Bicho Tutu

Ilustração: Al Stefano

BICHO TUTU

Relatório

Tutu-Marambá, não volte mas cá
Que mãe da criança lhe manda matar

Tutu-Marambá, desça do telhado
Deixe meu filhinho dormir sossegado
Jacaré tutu, Jacaré mandu,
Tutu vai s’embora, deixe em paz o meu amor

Tutu-Marambá, fuja do telhado
Que o pai da criança está acordado

Tutu-Marambá, vá embora pro além
Que a mãe da criança vela seu neném
– Veríssimo de Melo, 1869

Tutu, Bicho-Tutu, Tutu-Marambá são apenas alguns dos nomes e derivações deste Papão que chega ao Brasil a partir da tradição africana. Não por acaso, Câmara Cascudo sugere que a etimologia do seu nome veria, justamente, do idioma Quimbundo. Tutu viria de Quitutu, termo que significa “comer”, “aquilo que come”. Seria a mesma raiz que forma, por exemplo, a palavra “quitute”.

Pertencente ao chamado “ciclo da angústia infantil”, o tutu não tem uma forma definida. Assume, assim, a imagem de todos os medos possíveis para uma criança. Pode ser um velho, pode ser um monstro, pode ser até mesmo um porco – confundindo-se com o animal chamado “caititu”.

Cabe apontar, todavia, que a ligação do monstro com a forma muitas vezes se dá meramente a partir da sílaba tônica – como em Tutu, Caititu, a coruja Murucututu (que assume, assim, lugares de papão) e até “Carrapatú”. Em Pernambuco, por exemplo, Gilberto Freyre recupera uma antiga cantiga que assustava as criancinhas. Entre as variações, encontramos: “Calai, meninos, Calai /Ai vem Mamãe Tutu, / lá no mato tem um bicho / chamado carrapatú”.

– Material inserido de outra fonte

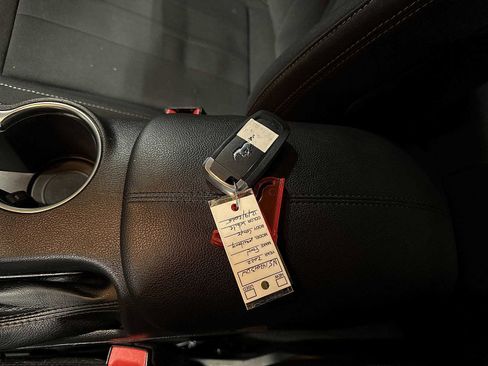 Used 2022 Ford Mustang GT image 32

Existia um monstro brasileiro chamado Carrapatú? Provavelmente não, era apenas uma ligação construída pela rima. Ainda assim, algumas pessoas vão falar sobre um “Bicho Carrapato”, que aparece na forma de um negro velho com um surrão nas costas. De onde vem isso?

O imaginário dos papões se mistura no Brasil, fazendo com que variações da mesma cantiga sejam utilizadas para se referir genericamente ao Bicho Papão, à Cuca, à Coca portuguesa ou aos Tutus. Aluísio Almeida, em 1945, registra versões como: “Tutu Marambá, não venha mais cá. Que o pai do menino te manda malhar” (ou matar), mas também versos que terminam com “Deixa o menino dormir sossegado” ou “Papai foi à roça, mamãe no cafezal”.

Espreitar em cima do telhado é uma prática comum aos papões, por isso que muitas cantigas são entoadas para fazê-los descer. Quando temos uma visagem relacionada ao imaginário do negro, no entanto, é muito comum que o próprio mito seja racializado. Isto é, o racismo estrutural faz com que as pessoas negras tornem-se figuras de medo. “Tutu é um negro velho, corimba ou coroca, que envelheceu na cozinha”, escreve Almeida. Os adjetivos que ele escolhe podem ser entendidos como “feiticeiro” ou “caduco”. Cascudo recupera uma quadrinha de Minas Gerais em que se cantava: “Olha o negro velho em cima do telhado, Ele está dizendo que quer o menino assado”.